Tea ceremony a cultural treasure
Among the various goods transported on the "Silk Road on the Sea," one item may be said to have been unique to China, i.e., green tea. Tea was grown in southern China. Tea cultivation began in Zhejiang during the 3rd century AD. During the Tang Dynasty, the local tea plantations fell into two regions, eastern and western Zhejiang. The western Zhejiang producers included Changxing, Anji, and Wukang counties under Huzhou, Lin'an, Yuqian, and Qiantang counties under Hangzhou, as well as Tonglu County under Muzhou. The eastern Zhejaang producers included Yuyao County under Yuezhou, Mingzhou (modern Ningbo), Dongyang County under Wuzhou modern Jinhua), and Shifeng (Tiantai) under Taizhou.
Meanwhile, the art of making tea gained currency gradually, with the Jingshan Temple in Yuhang under Hangzhou being regarded as a sacred place for the tea-making art. As the temple grew tea and the monks were fond of drinking this liquid, tea-making and serving customs such as tea feasts and assemblies were developed there during the Tang Dynasty. By the Song Dynasty, tea making and serving evolved into tea contests to taste the variety and quality of teas. Jingshan Temple held regular tea assemblies and feasts at which Buddhist scriptures were discussed. Jingshan was famous for the flavor of its tea and the spring well water with which to make tea. Later on, a new way of making tea was developed by which tea leaves were crushed into powder to be soaked in boiling water. This style lasted for several hundred years during which rituals and ceremonies for making and serving tea and holding tea assemblies, feasts and contests were gradually formalized as part of the Buddhist rituals.

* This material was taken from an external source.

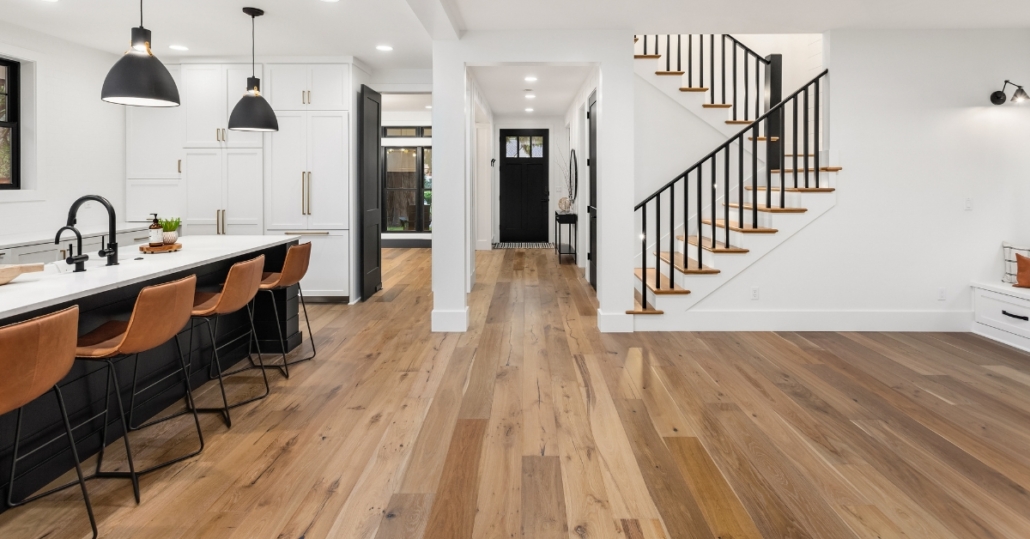 Hardwood flooring installed seamlessly across kitchen and living areas in an open-concept home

Since China's economic and cultural exchanges with foreign countries were frequent during the Tang Dynasty and especially during the Song Dynasty, large numbers of Japanese monks came to China to study Zen of Buddhism. Zhejiang was their focal destination and they progressed to Guoqing Temple on Tiantai Mountain, Tiantong Temple of Ningbo, and Jingshan Temple of Yuhang. When they took Buddhist scriptures back to Japan, they also took tea and tea culture that was closely related to Buddhism. They gradually developed their own tea culture -- Japanese tea culture and tea ceremonies can be said to have their roots in China and in Zhejiang in particular.